» **Exercise**
No pictures, please. Copy exactly the lines from the one with "Super Slick 212cc" through the final line below.

BEGIN Dataset content

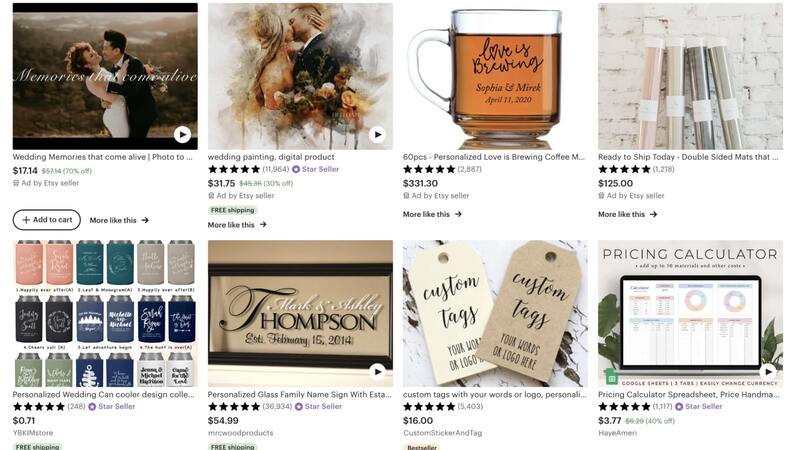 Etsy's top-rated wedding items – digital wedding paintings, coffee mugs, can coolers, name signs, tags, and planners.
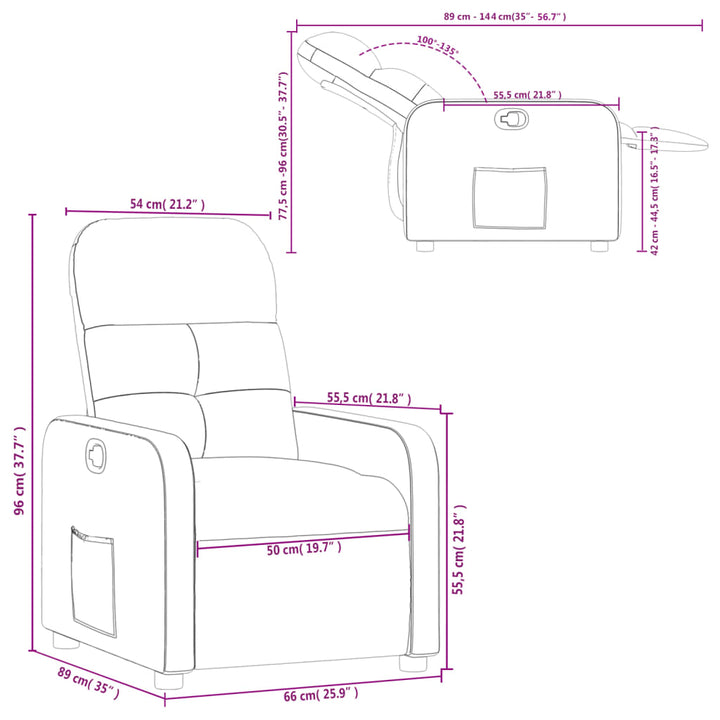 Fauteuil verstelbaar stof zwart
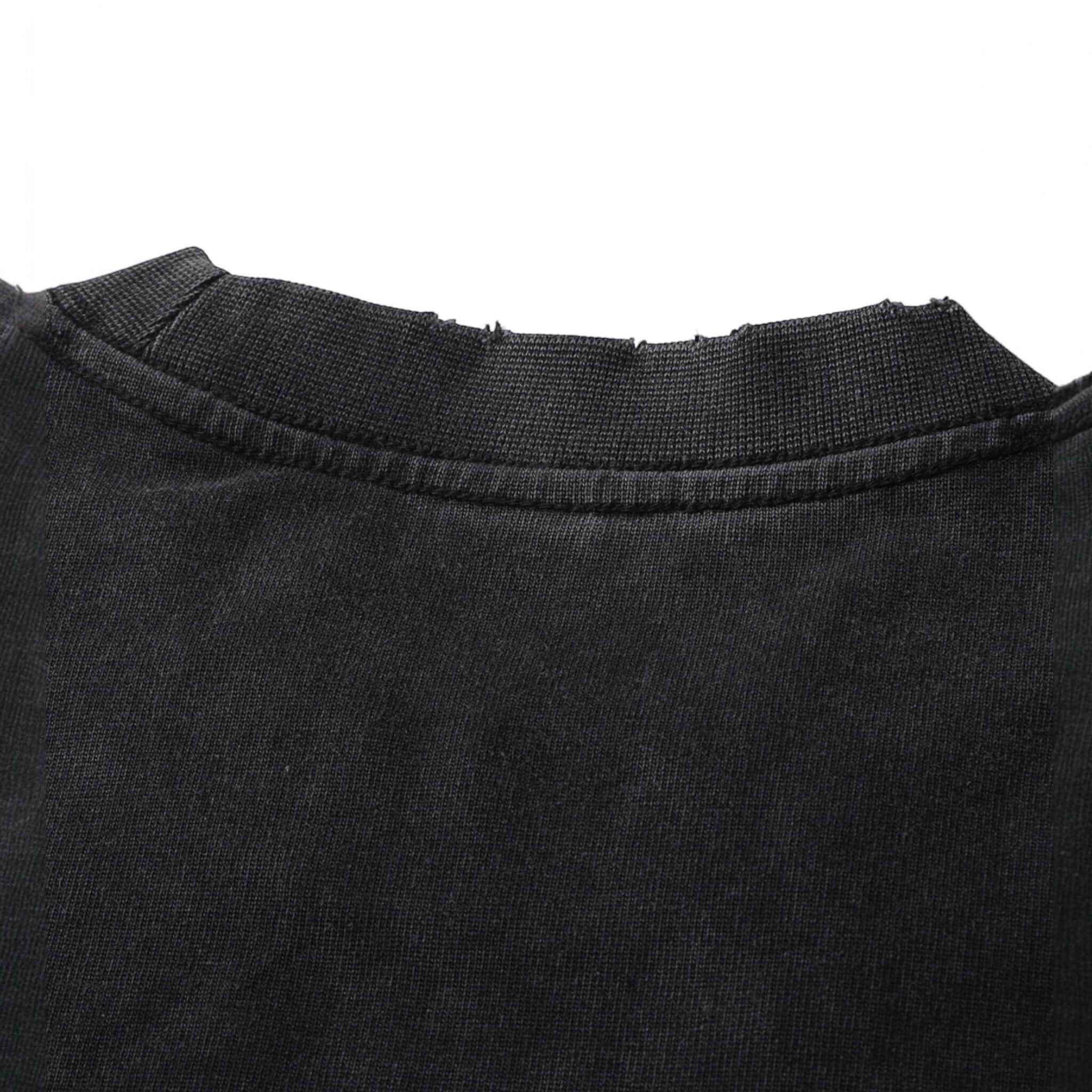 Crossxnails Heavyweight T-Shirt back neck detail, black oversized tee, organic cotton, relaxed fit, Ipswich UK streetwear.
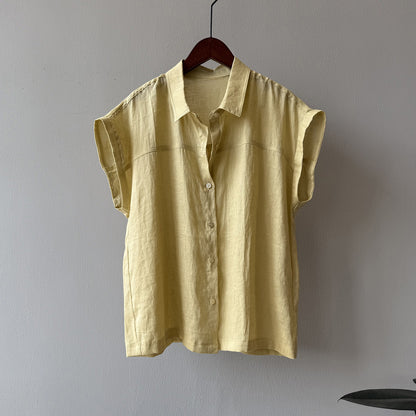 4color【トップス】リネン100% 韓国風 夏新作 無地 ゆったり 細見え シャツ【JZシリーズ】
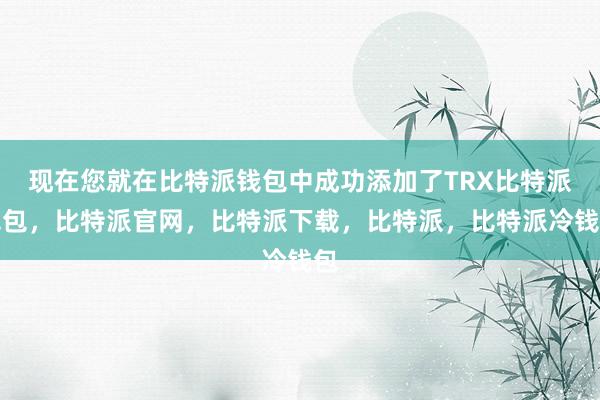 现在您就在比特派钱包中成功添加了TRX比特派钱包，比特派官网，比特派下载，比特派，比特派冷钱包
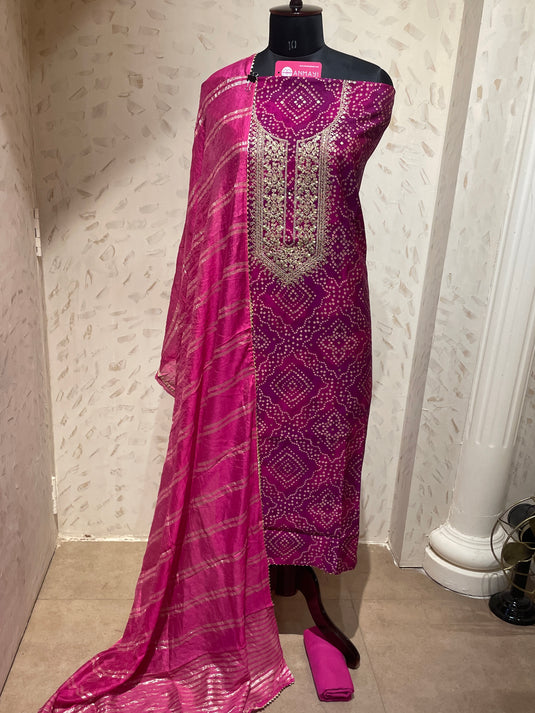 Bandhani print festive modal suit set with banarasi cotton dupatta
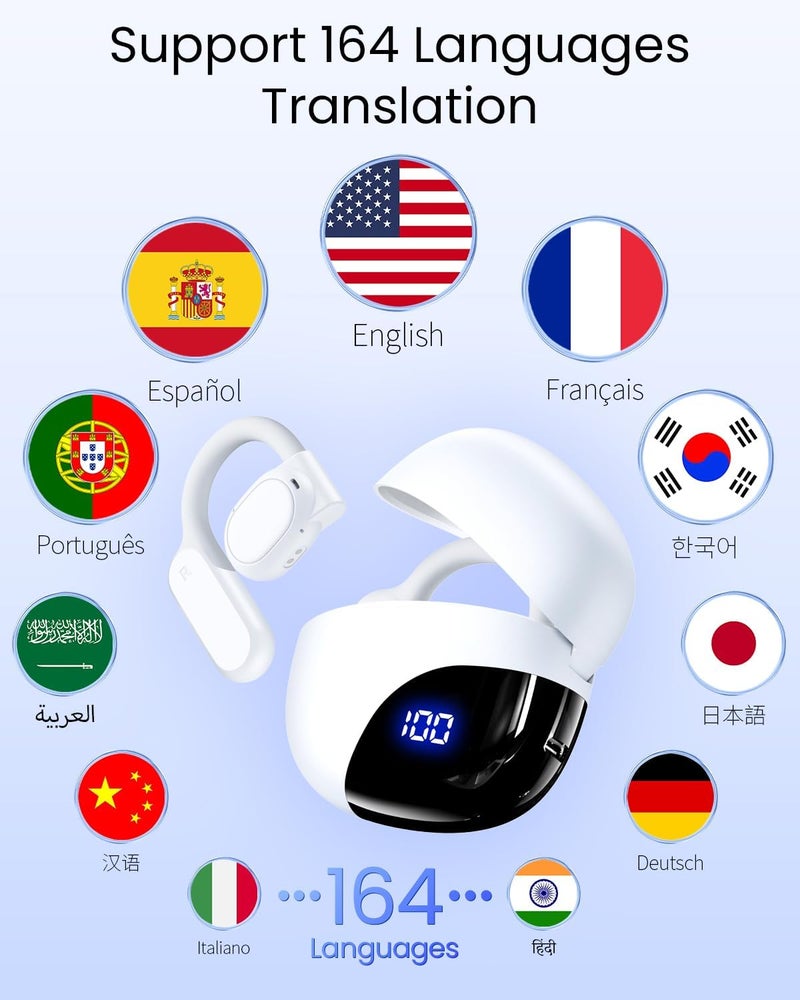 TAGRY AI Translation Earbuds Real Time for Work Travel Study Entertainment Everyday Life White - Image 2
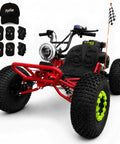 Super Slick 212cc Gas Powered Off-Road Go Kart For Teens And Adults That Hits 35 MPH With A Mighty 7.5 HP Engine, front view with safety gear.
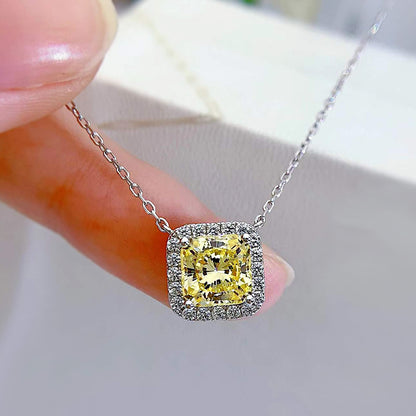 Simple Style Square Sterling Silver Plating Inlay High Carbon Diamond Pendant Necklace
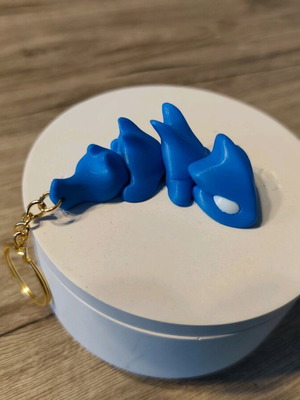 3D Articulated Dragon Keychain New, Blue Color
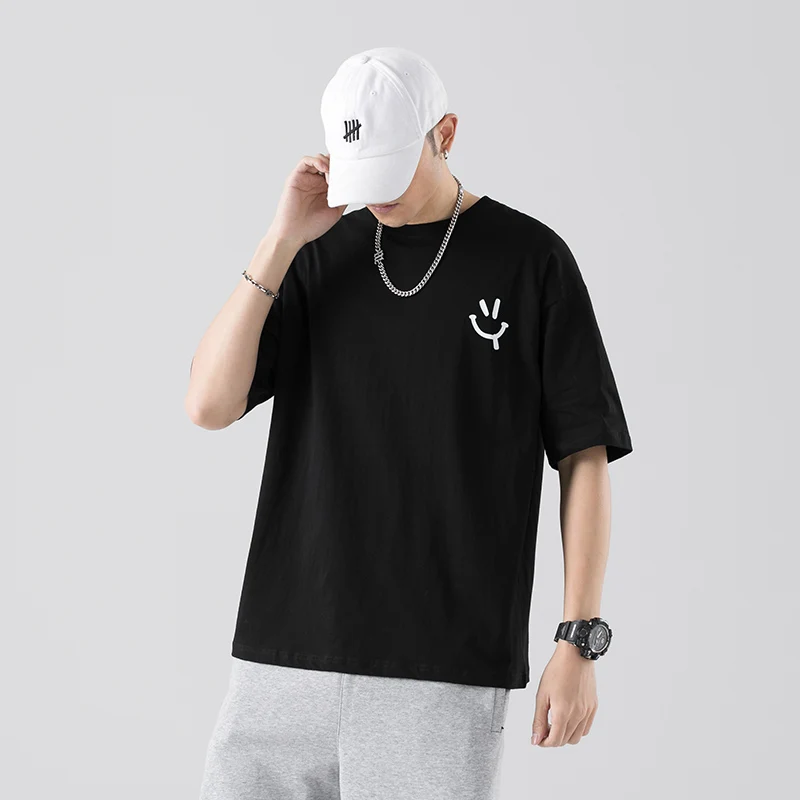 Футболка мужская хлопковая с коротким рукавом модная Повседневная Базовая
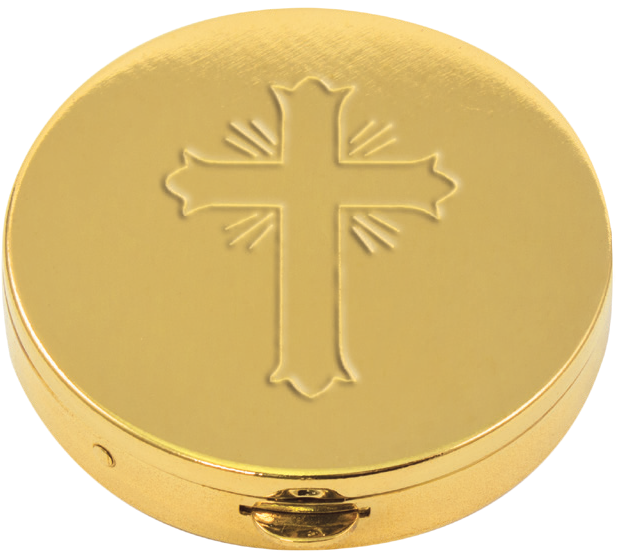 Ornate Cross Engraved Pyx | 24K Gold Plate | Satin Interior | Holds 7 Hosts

END Dataset content

» **Result below**
 Super Slick 212cc Gas Powered Off-Road Go Kart For Teens And Adults That Hits 35 MPH With A Mighty 7.5 HP Engine, front view with safety gear.
 Simple Style Square Sterling Silver Plating Inlay High Carbon Diamond Pendant Necklace
 3D Articulated Dragon Keychain New, Blue Color
 Футболка мужская хлопковая с коротким рукавом модная Повседневная Базовая
 Ornate Cross Engraved Pyx | 24K Gold Plate | Satin Interior | Holds 7 Hosts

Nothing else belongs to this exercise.